Boston Red Sox players warm up during a baseball workout at Fenway Park, Thursday in Boston in preparation for Game 1 of the ALDS against the New York Yankees Friday.
Boston Red Sox players warm up during a baseball workout at Fenway Park, Thursday in Boston in preparation for Game 1 of the ALDS against the New York Yankees Friday. (Elise Amendola/AP)

I’m all Kavanaughed out. I hope some good will come of these past few weeks. Perhaps American men now have a better understanding of how common and how damaging sexual assault actually is. At the moment, however, it feels like the entire country has joined the Beach Week Ralph Club, and the hangover may be gnarly.

Let’s look instead at something wonderful, a rare occurrence that reminds us who we are and how we got here. I’m referring, of course, to the American League playoff series between the Boston Red Sox and the New York Yankees. Arguably the greatest rivalry in American sports, the BoSox and Yanks battle routinely during the regular season — this year on an epic scale. But because they play in the same division of the same league, they can only meet in the postseason under very peculiar circumstances — when one team posts the division’s best record, while the other wins the wild card.

I wasn’t alone in thinking last spring that the Yankees were the favorites in the AL East. During the offseason, they did that thing they love to do, the thing that thrills their fans and steels their enemies: They reached into their seemingly bottomless cash drawer for Giancarlo Stanton, the mighty star of the measly Miami Marlins. The Yankees already employed Bunyanesque Aaron Judge, the 2017 AL rookie of the year. Most teams must be content with only one otherworldly slugger. But because nothing succeeds like excess in New York, the Yankees have always preferred two at a time.

Then Boston achieved something close to baseball perfection, outhitting the entire major leagues and, by at least one yardstick, outpitching them, too. The Red Sox record of 108-54 was the best in Boston’s long history, and eight wins better than the excellent Yankees.

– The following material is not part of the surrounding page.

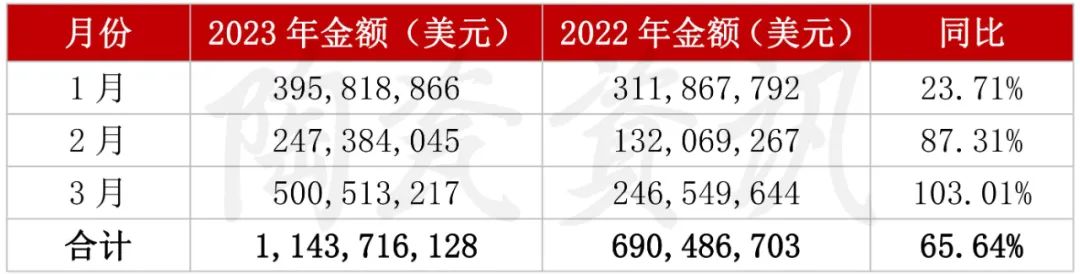增長(zhǎng)103.01%！3月我國(guó)陶瓷磚出口破5億美元2.jpg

These teams haven’t clashed in the playoffs since 2004, a year of sainted memory in the hallowed confines of Fenway Park. That was the year the wild card Red Sox fell behind their archenemies three games to zip in the league finals, then won eight in a row to knock out New York and sweep the St. Louis Cardinals for Boston’s first World Series win in 86 years. (The Yankees consoled themselves by counting the 26 world championships they had won during that timespan.)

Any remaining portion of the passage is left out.